Peter Black’s placing himself inside Robert Frank’s frame (inside Walker Evans) is a deliberate act. As deliberate as the window-framing-billboard-framing-television-framing-Mona Lisa photograph at the outset of his journey (an instruction or sign, certainly). Black’s actual Frankish car journey is also a journey into a way of seeing. The images it discovers are not as romantic as Frank’s now seem, but that is partly because Frank’s vernacular icons have become fully accredited signs of America, with even a mist of nostalgia over them.
But Peter Black has wanted Frank’s way of seeing—has wanted to say, We already have it, let’s use it. And so he has—noting the vernacular signs and marks along his route, finding a rhythm whose thematics or chapters flow calmly under the bustle and flicker of changing facts. Until we pass finally from that blurred countryside the bus stopped in, past the pylons and smokestacks that are now, also, nature, to different kinds of dwellings, monuments, the windows and forecourts of discount stores, the city—a suite of old man portraits, a family eating in McDonald’s (another Frank image), a suite of old lady portraits, journey’s end: a man with suitcases walking off the city’s main street. Back in town. Been around and seen the country, as Robert Frank did.
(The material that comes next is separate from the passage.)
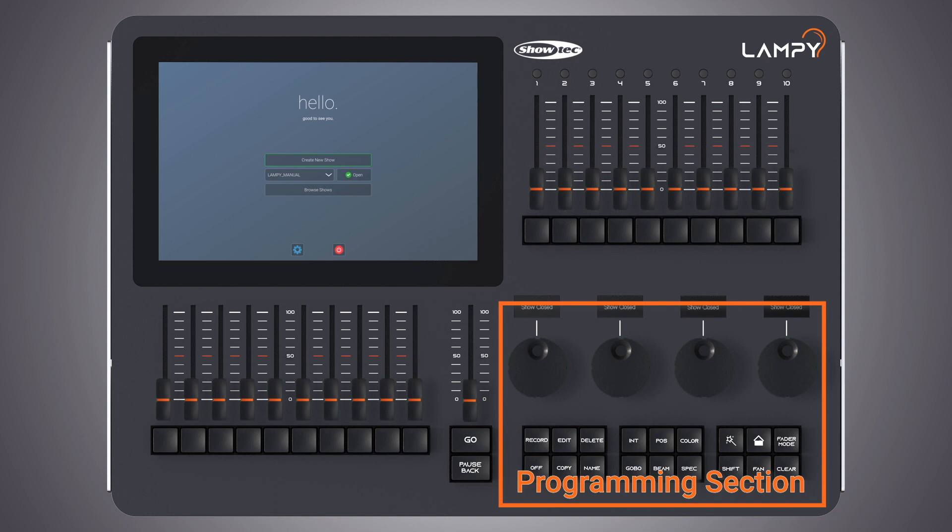Let's have a look at the programming section. This part of the Lampy's front panel contains all keys needed for programming. Take a few moments to familiarize yourself with the buttons found here. It may seem like a lot to learn, but don't worry, you'll be training your muscle memory over time. Also, all controls for value entry may be found here.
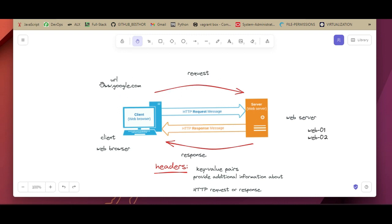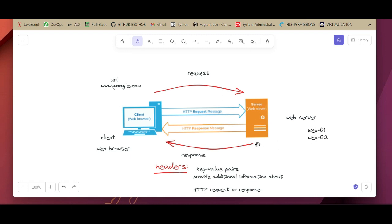Here is a diagram to help you understand. When I open my computer and type www.google.com, I'm sending a request to the server — which can be a single server or multiple servers. That request contains what we call a request header, with key-value pairs providing additional information about the HTTP request. When the server receives my request, it sends back a response containing headers with key-value pairs about the response.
These final moments have a lovely dying fall to them; a graceful, reluctant relinquishing of the bliss of transport and its piercing, sad truths. Fortunately, we can do it again—we can turn back and start again, page 156 because Peter Black has, like Robert Frank, kept a record of the trip that passes the merely vicarious. It returns us, as adults, to the learning-to-see of children. It teaches us to read with special tenderness the disregarded evidence around us—a lament and celebration, a poem.